EXERCISE PROMPT. Retype each line below precisely and omit all images.

PROVIDED MATERIAL.
· · · · · · ·
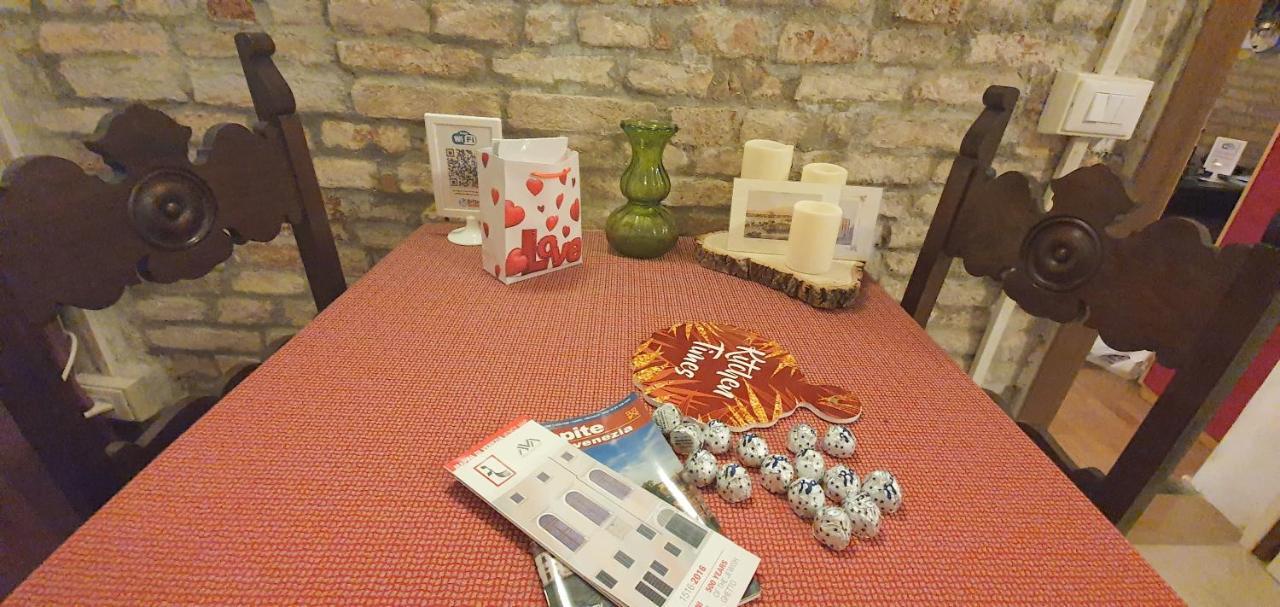 Wellvenice Bonbon Apartment *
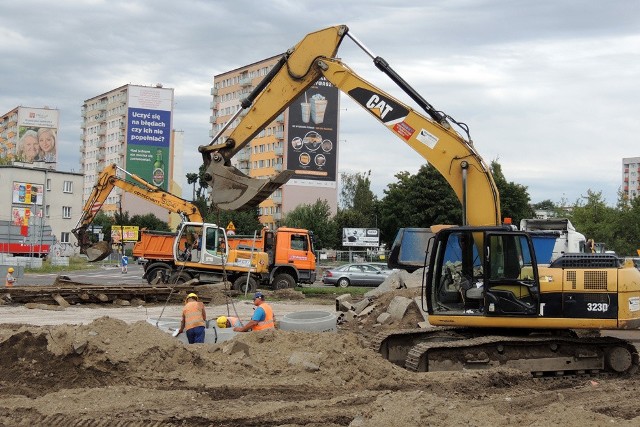 Siedem miesięcy pozostało drogowcom na zakończenie przebudowy placu Chrapka w Toruniu. Inwestycja zgodnie z planem ma się zakończyć 26 marca 2019 roku i kosztować ponad 20 mln zł. Kierowcy jeżdżący po mieście do tego czasu muszą uzbroić się w cierpliwość i pokornie znosić utrudnienia w ruchu. Po przebudowie plac Chrapka będzie stanowić przejrzyste bezkolizyjne skrzyżowanie dróg krajowych. Powstanie tu tzw. rondo turbinowe. Od pewnego czasu na przebudowywanym połączeniu dróg krajowych nr 15 i 80 widać większy ruch ekip budowlanych.Zobacz także:Torun z drona. Czy rozpoznajesz te miejsca?Jak powstają pierniki?NowosciTorun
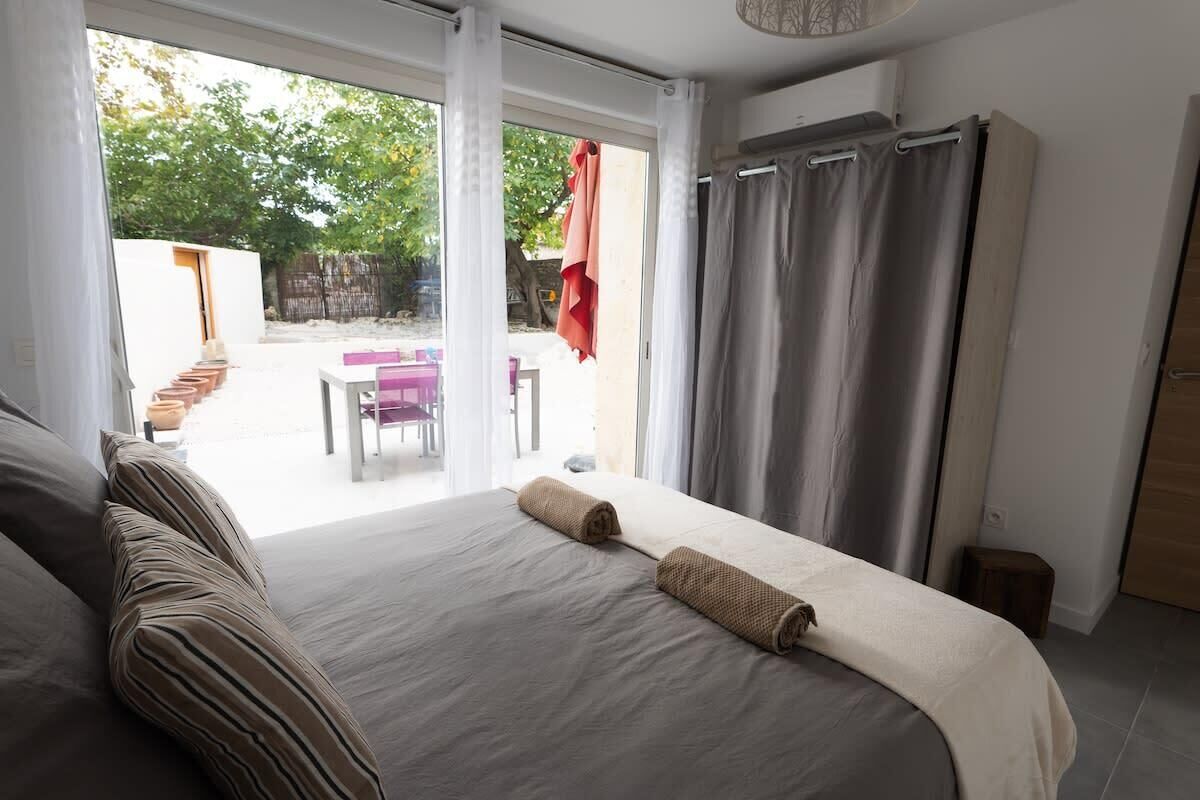 2 bedrooms, iron/ironing board, travel cot, WiFi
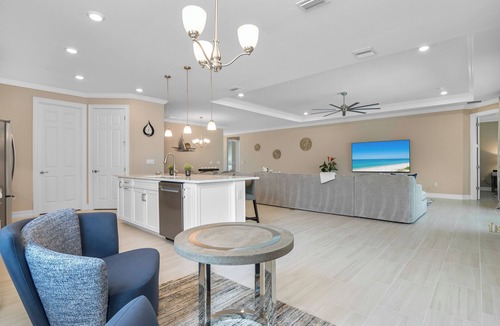 Bonita Springs House | YOUR OWN PARADISE WITH RESORT STYLE POOL and SPA -3 bedrooms +Den, 3 bths, 3 car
· · · · · · ·
RESPONSE TO THIS EXERCISE.
 Wellvenice Bonbon Apartment *
 Siedem miesięcy pozostało drogowcom na zakończenie przebudowy placu Chrapka w Toruniu. Inwestycja zgodnie z planem ma się zakończyć 26 marca 2019 roku i kosztować ponad 20 mln zł. Kierowcy jeżdżący po mieście do tego czasu muszą uzbroić się w cierpliwość i pokornie znosić utrudnienia w ruchu. Po przebudowie plac Chrapka będzie stanowić przejrzyste bezkolizyjne skrzyżowanie dróg krajowych. Powstanie tu tzw. rondo turbinowe. Od pewnego czasu na przebudowywanym połączeniu dróg krajowych nr 15 i 80 widać większy ruch ekip budowlanych.Zobacz także:Torun z drona. Czy rozpoznajesz te miejsca?Jak powstają pierniki?NowosciTorun
 2 bedrooms, iron/ironing board, travel cot, WiFi
 Bonita Springs House | YOUR OWN PARADISE WITH RESORT STYLE POOL and SPA -3 bedrooms +Den, 3 bths, 3 car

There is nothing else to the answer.